Such items may include (but are not limited to) charges, test-discharges,
refills, refurbishments, consumables and/or components.
2.6
“Servicing of a site” means the servicing of the equipment at that site
as set out in clause
2.5 and the
supply at additional cost of any portable fire fighting equipment that may be
required at that site to ensure compliance with the current British Standard and
other Legislation as may be applicable.
2.7
“Service agreement” means an instruction given by any means by the
Customer for the Company to regularly undertake the servicing of the Customer’s
site(s) as set out in clause
2.6.
3
Servicing
3.1
The Company shall decide the methods employed in servicing as set out in
Clauses 2.5, 2.6 and 2.7.
3.2
The Company will cause a Maintenance Record Label, indicating the date of
inspection and servicing, to be affixed to each extinguisher.
3.3
Provided that the Customer is notified orally and/or the Engineer’s
Report is so endorsed, inability to service, for whatever reason, in the
following circumstances shall not be a defective performance of the obligation
to service:
3.3.1
The Service Engineer is unable to gain access to the Customer’s site or
equipment thereon.
3.3.2
The Service Engineer is unable to leave the Equipment in proper working
order.
3.3.3
The Service Engineer is unable to supply any portable fire fighting
equipment that may be required at that site.
3.4
Where the Company has condemned an extinguisher, i.e. found it to be
potentially hazardous, the Engineer’s Report will be so endorsed and the
extinguisher either suitably marked or disposed of, at the Company’s option. The
Company may charge the Customer for such disposal as set out in clause 5.4.4.
3.5
Where the Customer’s extinguishers require any refurbishing and/or
refilling which cannot be performed on site, the Company may at it’s option:
3.5.1
Supply an exchange unit(s) to continue the Customer’s level of
protection, or
3.5.2
Take the unit(s) away and return at the Company’s option either the
original or an exchange unit suitably refilled/refurbished. In this case:
3.5.2.1
It is the Customer’s responsibility to ensure that there are an adequate
number of spare extinguishers on site so that any extinguishers that are removed
are replaced immediately.
3.5.2.2
The Company may, at it’s option, additionally charge for any return
visits to the Customer’s site as set out in clauses 5.4.1 or 5.4.8, whichever
is the greater.
3.6
Unless agreed otherwise in writing by the Company no later than 13 weeks
prior to the anticipated date of service, such service will be conducted without
notice within normal working hours at a time decided by the Company.
3.7
The Customer will place every reasonable facility at the disposal of the
Company’s employees for the purpose of carrying out their duties in particular
to assist them by locating and leaving readily available at the same premises
all the Equipment to be serviced for one service fee.
3.8
In the event that the Service Engineer is unable to gain access to the
Customer’s site, the Company will request access from the Customer in writing.

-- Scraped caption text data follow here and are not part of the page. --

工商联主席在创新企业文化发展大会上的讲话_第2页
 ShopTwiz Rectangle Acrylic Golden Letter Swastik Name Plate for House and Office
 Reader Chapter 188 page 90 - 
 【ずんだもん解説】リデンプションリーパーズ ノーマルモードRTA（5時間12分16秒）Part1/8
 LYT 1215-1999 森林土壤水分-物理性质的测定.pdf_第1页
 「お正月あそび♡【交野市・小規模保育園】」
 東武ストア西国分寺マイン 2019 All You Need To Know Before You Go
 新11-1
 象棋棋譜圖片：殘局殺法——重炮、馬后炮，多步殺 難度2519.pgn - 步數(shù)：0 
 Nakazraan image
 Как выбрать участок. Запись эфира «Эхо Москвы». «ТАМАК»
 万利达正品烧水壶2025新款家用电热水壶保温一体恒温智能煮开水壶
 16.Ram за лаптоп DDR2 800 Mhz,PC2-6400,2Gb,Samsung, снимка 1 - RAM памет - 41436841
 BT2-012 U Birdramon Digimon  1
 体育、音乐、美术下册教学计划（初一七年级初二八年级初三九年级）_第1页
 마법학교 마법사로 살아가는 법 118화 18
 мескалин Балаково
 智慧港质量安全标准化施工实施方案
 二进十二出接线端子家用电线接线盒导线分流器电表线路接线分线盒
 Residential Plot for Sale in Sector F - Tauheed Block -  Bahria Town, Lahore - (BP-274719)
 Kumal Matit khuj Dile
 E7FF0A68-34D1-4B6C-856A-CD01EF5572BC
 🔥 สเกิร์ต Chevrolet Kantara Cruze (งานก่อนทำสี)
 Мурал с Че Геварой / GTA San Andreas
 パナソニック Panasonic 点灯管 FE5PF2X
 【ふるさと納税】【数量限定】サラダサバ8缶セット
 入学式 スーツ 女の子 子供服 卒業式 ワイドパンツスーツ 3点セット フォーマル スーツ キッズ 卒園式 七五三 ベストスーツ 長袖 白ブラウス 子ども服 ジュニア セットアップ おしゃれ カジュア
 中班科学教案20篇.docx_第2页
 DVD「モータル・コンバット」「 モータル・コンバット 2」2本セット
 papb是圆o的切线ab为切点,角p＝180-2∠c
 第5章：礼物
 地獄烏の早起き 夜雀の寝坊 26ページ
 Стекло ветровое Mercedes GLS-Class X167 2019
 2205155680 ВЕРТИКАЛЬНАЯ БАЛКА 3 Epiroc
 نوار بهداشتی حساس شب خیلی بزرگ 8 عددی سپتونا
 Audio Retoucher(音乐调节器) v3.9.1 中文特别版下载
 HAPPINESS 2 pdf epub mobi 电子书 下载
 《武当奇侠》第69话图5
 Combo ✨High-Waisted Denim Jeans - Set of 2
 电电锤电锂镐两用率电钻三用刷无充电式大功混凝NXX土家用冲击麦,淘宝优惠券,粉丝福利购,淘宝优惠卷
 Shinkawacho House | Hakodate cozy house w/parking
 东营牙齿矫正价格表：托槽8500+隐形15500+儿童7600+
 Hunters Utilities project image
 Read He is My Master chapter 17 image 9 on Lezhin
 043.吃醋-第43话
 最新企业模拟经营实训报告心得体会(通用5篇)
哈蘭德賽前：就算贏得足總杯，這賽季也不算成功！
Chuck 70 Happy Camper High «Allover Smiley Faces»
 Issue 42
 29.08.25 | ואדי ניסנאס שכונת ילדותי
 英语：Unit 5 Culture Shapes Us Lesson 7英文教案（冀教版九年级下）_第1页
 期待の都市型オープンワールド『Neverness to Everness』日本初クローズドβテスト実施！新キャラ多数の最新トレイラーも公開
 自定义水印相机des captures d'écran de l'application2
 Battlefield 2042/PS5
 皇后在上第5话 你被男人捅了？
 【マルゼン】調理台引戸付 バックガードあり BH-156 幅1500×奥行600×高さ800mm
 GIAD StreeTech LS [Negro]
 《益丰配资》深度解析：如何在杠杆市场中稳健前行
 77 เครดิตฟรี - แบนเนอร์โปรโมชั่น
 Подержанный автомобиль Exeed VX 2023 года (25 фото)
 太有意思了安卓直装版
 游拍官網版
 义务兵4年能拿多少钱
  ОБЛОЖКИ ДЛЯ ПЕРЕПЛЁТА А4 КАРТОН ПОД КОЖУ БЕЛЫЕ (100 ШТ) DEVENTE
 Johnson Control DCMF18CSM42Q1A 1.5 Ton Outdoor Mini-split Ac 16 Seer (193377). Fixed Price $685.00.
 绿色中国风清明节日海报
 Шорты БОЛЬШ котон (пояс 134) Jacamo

The Company reserves the right to charge the Customer for the service-access
request letter as set out in clause 5.4.10 and for the wasted/refused service
visit as set out in clauses 5.4.1 or 5.4.7, whichever is the greater.
4
Service Agreement
4.1
A service agreement will be deemed to exist where the Company or any
subsidiary or any other business whose goodwill has been acquired by the Company
has on at least two prior occasions automatically performed regular services at
the Customer’s site(s).
4.2
Where a service agreement exists between the Customer and the Company:
4.2.1
The site-services will be carried out automatically by the Company at the
rates set out in Clauses 4.2.1.1 – 4.2.1.3 below with the dates of service being
calculated from the previous service date and subject to variance. The rate at
which services are performed, i.e. the number of services per year, is as
follows:
4.2.1.1
Where a written service agreement exists, the rate will be taken from it
if specified on that agreement.
4.2.1.2
Where the Company has for a reasonable period of time automatically
performed regular site-services for the Customer, the prevailing rate will
apply.
4.2.1.3
One service per year in all other cases.
4.2.2
The equipment shall be serviced only by the Company’s authorised
employees and if attended by any other persons than the Customer and his staff,
the Company reserves the right to terminate this Agreement forthwith, but
without prejudice to the rights of either party in connection with any prior
breach of the Agreement.
4.2.3
Either party may, at any time, cancel the Agreement by giving 13 weeks
written notice. Any such notice sent to the Company must be sent on headed paper
by recorded delivery or any other means that provide both proof of your identity
and proof of delivery to us. Where a minimum service agreement period still
remains in force, the Customer will be levied an additional charge as set out in
the written service agreement (where one exists) or clause
5.4.15 below, whichever is the
greater.
4.2.4
In all cases, where notice of cancellation is not given as in clause
4.2.3 above, all services that would otherwise fall due within the required
notice period will be treated as a refused service(s) and charged accordingly as
set out in clause 3.8 above.
5
Prices
5.1
The following apply to all prices whether quoted or forming part of a
contract:
5.1.1
All prices are exclusive of VAT and postage & packing or any other
delivery charges.
5.1.2
Unless otherwise specifically agreed by the Company in writing, the price
of work and/or goods shall be that stated in the Company’s price list applicable
to the work and/or goods. Any given price or rate is available from the Company
on request by the Customer.
5.1.3
The Company reserves the right to add to any prices a credit charge. Such
a credit charge will not exceed 20% of the price or £5.00, whichever is the
greater, and is only payable in the event that the Customer breaches any payment
terms relating to any contract between the Company and the Customer.
5.1.4
The Company reserves the right to vary the price of work and/or goods
without notice to take account of any variation in the cost of living (as
defined by the Cost of Living Index), materials, labour, transport, duties,
taxes, exchange rates or any costs of whatsoever nature between the date of any
contract and the corresponding date of delivery or completion of payment.
5.1.5
Any totals calculated by us in connection with our prices are offered in
good faith but shall be deemed not to constitute representations. In the event
that these are miscalculated our prices shall be taken from the unit prices and
quantities only.
5.2
Service Fees
5.2.1
Service fees do not include any of the additional costs that may be
incurred during a service as set out in clause 2.5 and 2.6.
5.2.2
Service fees do not include the cost of preparing a service certificate.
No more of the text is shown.